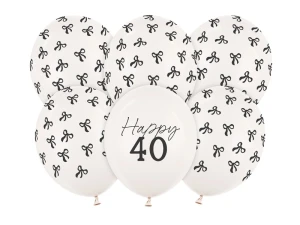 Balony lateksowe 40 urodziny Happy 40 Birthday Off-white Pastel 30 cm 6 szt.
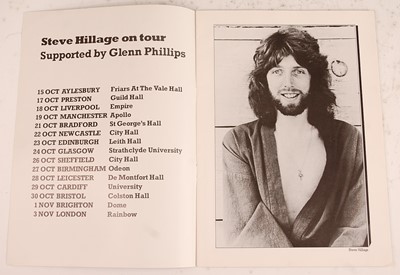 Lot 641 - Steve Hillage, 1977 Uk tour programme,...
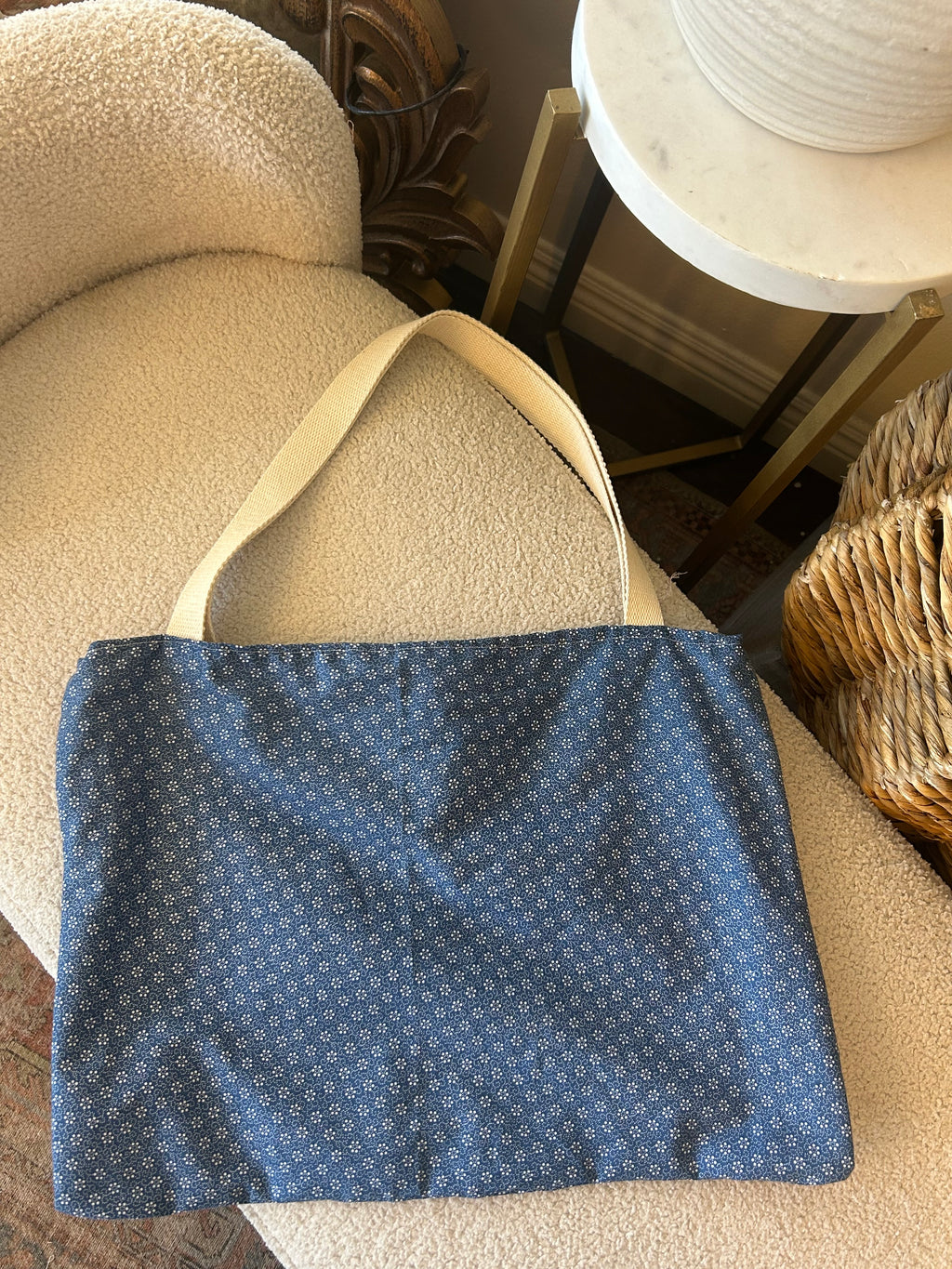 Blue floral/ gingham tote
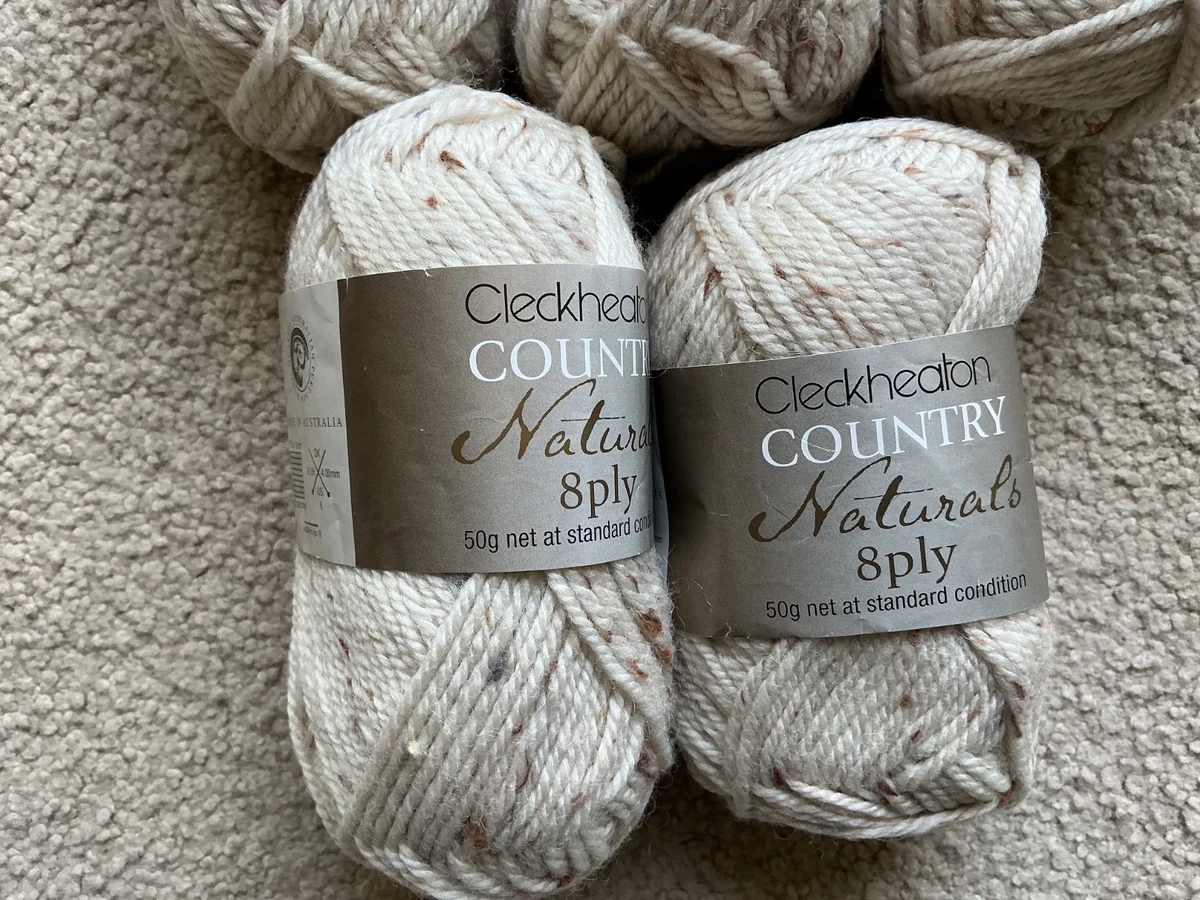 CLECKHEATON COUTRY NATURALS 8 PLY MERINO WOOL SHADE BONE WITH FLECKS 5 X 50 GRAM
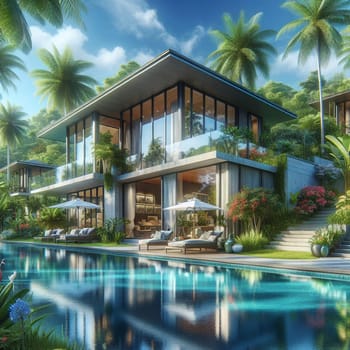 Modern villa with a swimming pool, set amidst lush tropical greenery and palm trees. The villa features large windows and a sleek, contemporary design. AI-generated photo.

------------------------

### TASK TO COMPLETE
Do not copy pictures. Restate exactly the lines from the one containing "Lot 641 - Steve" through the last line of the records.

### EXERCISE OUTPUT
 Lot 641 - Steve Hillage, 1977 Uk tour programme,...
 Blue floral/ gingham tote
 CLECKHEATON COUTRY NATURALS 8 PLY MERINO WOOL SHADE BONE WITH FLECKS 5 X 50 GRAM
 Modern villa with a swimming pool, set amidst lush tropical greenery and palm trees. The villa features large windows and a sleek, contemporary design. AI-generated photo.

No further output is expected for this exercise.